On peut retourner un système de notation dans tous les sens, une faute restera une faute et vouloir en atténuer la perception en changeant de thermomètre débouche fréquemment sur l'illusion.

Le rétablissement des notes en Suisse a été notamment souhaité par les parents et les enseignants. En quoi les notes sont-elles importantes pour ces derniers ?

Tout cela est très paradoxal chez les parents, donc chez les électeurs. Quoiqu'ils en disent, ils tiennent aux notes, surtout quand elles sont bonnes. Ne nous voilons pas la face, ce ne sont pas les notes qui dérangent, ce sont les mauvaises notes. La note sur 20 est un repère initiatique, symbolique, qui parle aux parents qui les ont eux-mêmes vécues dans un temps ancien qui était forcément le bon temps. Le prof a ses barèmes et la note lui permet plus d'objectivité, également, pour lui aussi, moins d'affects.

Le système de notation ne doit pas être changé mais utilisé, être suivi d'un travail de remédiation, d'exercices de stimulation, d'une vraie pédagogie, non pas de la réussite, mais du traitement de l'erreur en vue de son dépassement. Cela est long, difficile, nécessite une vraie connaissance des rouages de l'apprentissage, un retour à la pédagogie, à l'effort, à la compréhension. Pour cela il faut se sortir des sentiments liés à la note, sortir du dogme de la sacro-sainte "pédagogie de la réussite" ou "mise en situation de réussite" qui crée de l'illusion et nivelle vers le bas. A-t-on déjà vu une personne sensée, même douée, tout réussir du premier coup et apprendre un métier ou un sport sans jamais le moindre échec ? La progression résulte toujours du traitement rationnel d'une erreur reconnue et acceptée comme non-dramatique. Mais quand cette erreur n'est pas traitée, pas suivie d'effet, laissée en seule digestion à l'élève et à ses parents, l'erreur devient l'élève lui-même avec les dégâts que l'on connaît sur une motivation parfois bien fragile.

Le système de notation actuel dénigre-t-il vraiment l'évaluation des compétences comme précisé par le Conseil supérieur des programmes ?
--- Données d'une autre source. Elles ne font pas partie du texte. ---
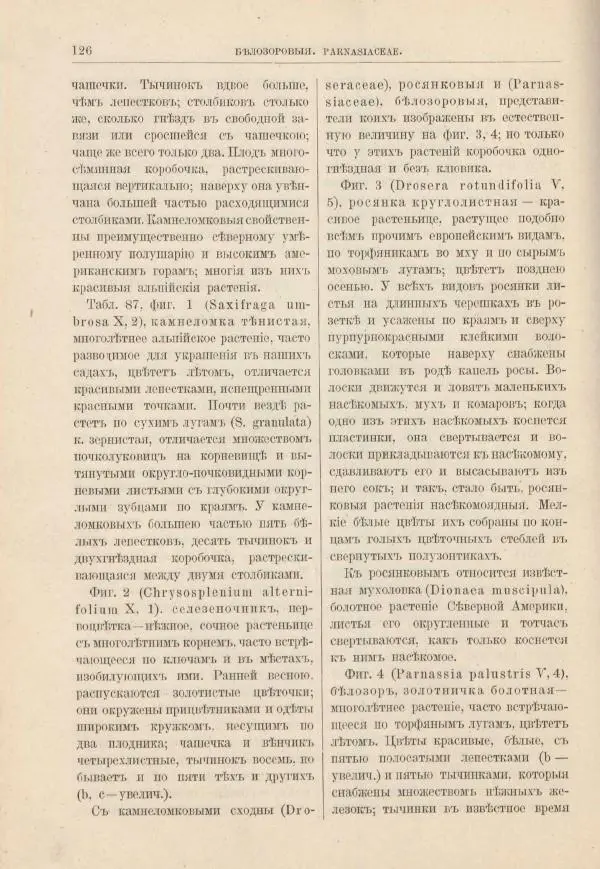 М. Вилькоммъ - Ботанический атлас - Страница № 142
Pas du tout ! Aucun professeur digne de ce nom n'assène une bonne ou une mauvaise note sans explication personnalisée à l'élève. Il peut peut-être exister de moins bons, voire de mauvais professeurs, mais gageons qu'ils ne sont pas légion. Un élève recevant une mauvaise note ne peut ignorer quelles en sont les causes : son manque de travail, son absentéisme, son attitude en cours ou la manière d'organiser ses tâches... la plupart des profs sont très explicites sur l'ensemble de ces items et ne prennent pas plaisir, ni à mettre des mauvaises notes, ni à plomber le moral de leurs élèves. Encore une fois, il faut sortir des affects, entrer dans l'échange, accepter de s'être trompé, avoir le courage et l'envie d'y remédier.
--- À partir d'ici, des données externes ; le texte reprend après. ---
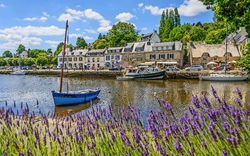 Lavendelfeld vor einem Fluss mit Booten, im Hintergrund Häuser und Bäume.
Quelles sont les autres expériences qui pourraient nous permettre d'avoir une meilleure approche sur la question ?

Les expériences ont été nombreuses et pour certaines très concluantes, à savoir, le travail en petits groupes, des techniques d'enseignement spécialisées, la remédiation cognitive, les approches et la pédagogie différenciées, l'étalement du programme sur une année supplémentaire, un travail psychoaffectif préalable pour replacer l'enfant dans une posture compatible avec le travail, les expérimentations du type "La main à la pâte", les stages intensifs délocalisés... Les formes de remédiation sont connues, mais elles coûtent cher et nécessitent des personnels bien formés. Pour autant l'évolution des savoirs nécessaires au fonctionnement de la société, l'évolution également de la posture des élèves et la fin du cautionnement mutuel entre les parents et les profs ont objectivement changé à la fois les conditions de travail et une révision, en premier lieu, de la formation des enseignants s'impose. La voie choisie est celle d'un recrutement des professeurs des écoles à un niveau plus élevé, alors même que c'est une formation pédagogique pratique qui est nécessaire. Chez les professeurs du secondaire, la formation est également courte, quand on n'envoie pas directement des vacataires sans aucune formation au devant de publics d'élèves très difficiles. Quand certains collègues peinent à établir des conditions d'enseignement, voire craignent pour leur sécurité, dans les cas les plus extrêmes, la question de la notation devient secondaire. Il y a peut-être plus urgent à traiter en matière de politique éducative.